Exercise goal: Of the entries below, return exactly those lines that fall between the one containing "You can set" and the one containing "The CaliPhone USB", the two end lines included.

Recorded information:
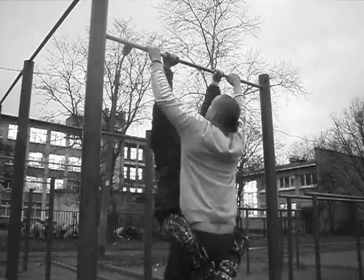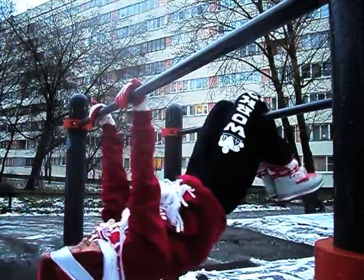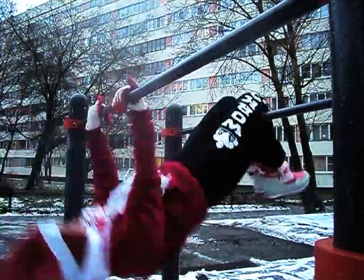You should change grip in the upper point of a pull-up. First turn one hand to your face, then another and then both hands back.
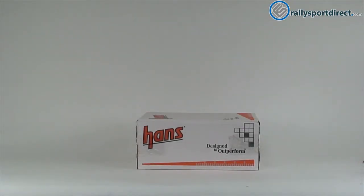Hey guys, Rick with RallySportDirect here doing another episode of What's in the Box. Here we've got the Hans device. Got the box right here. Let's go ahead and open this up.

==

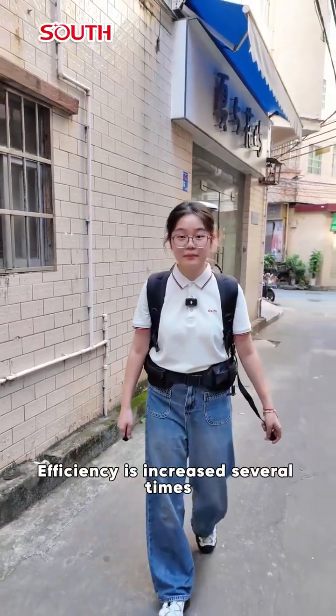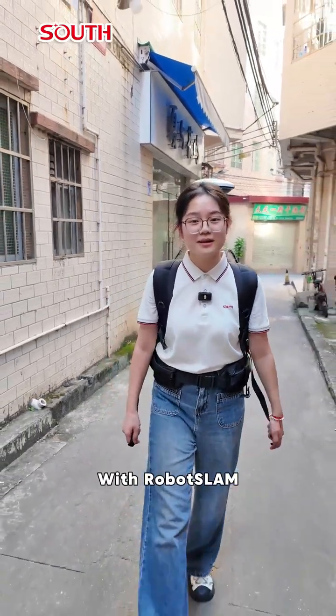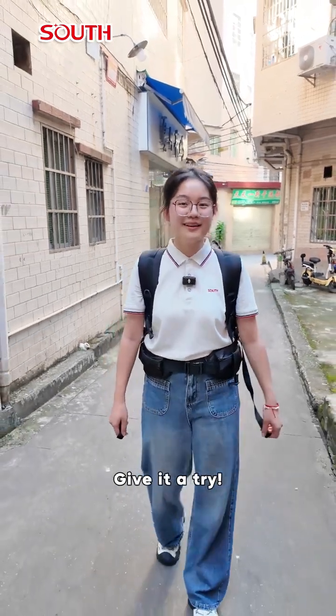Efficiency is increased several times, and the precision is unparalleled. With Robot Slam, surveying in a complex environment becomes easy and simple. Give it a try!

---

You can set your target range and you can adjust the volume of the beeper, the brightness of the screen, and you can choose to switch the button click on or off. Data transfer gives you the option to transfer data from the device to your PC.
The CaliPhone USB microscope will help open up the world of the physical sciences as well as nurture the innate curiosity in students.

Response area:
You can set your target range and you can adjust the volume of the beeper, the brightness of the screen, and you can choose to switch the button click on or off. Data transfer gives you the option to transfer data from the device to your PC.
The CaliPhone USB microscope will help open up the world of the physical sciences as well as nurture the innate curiosity in students.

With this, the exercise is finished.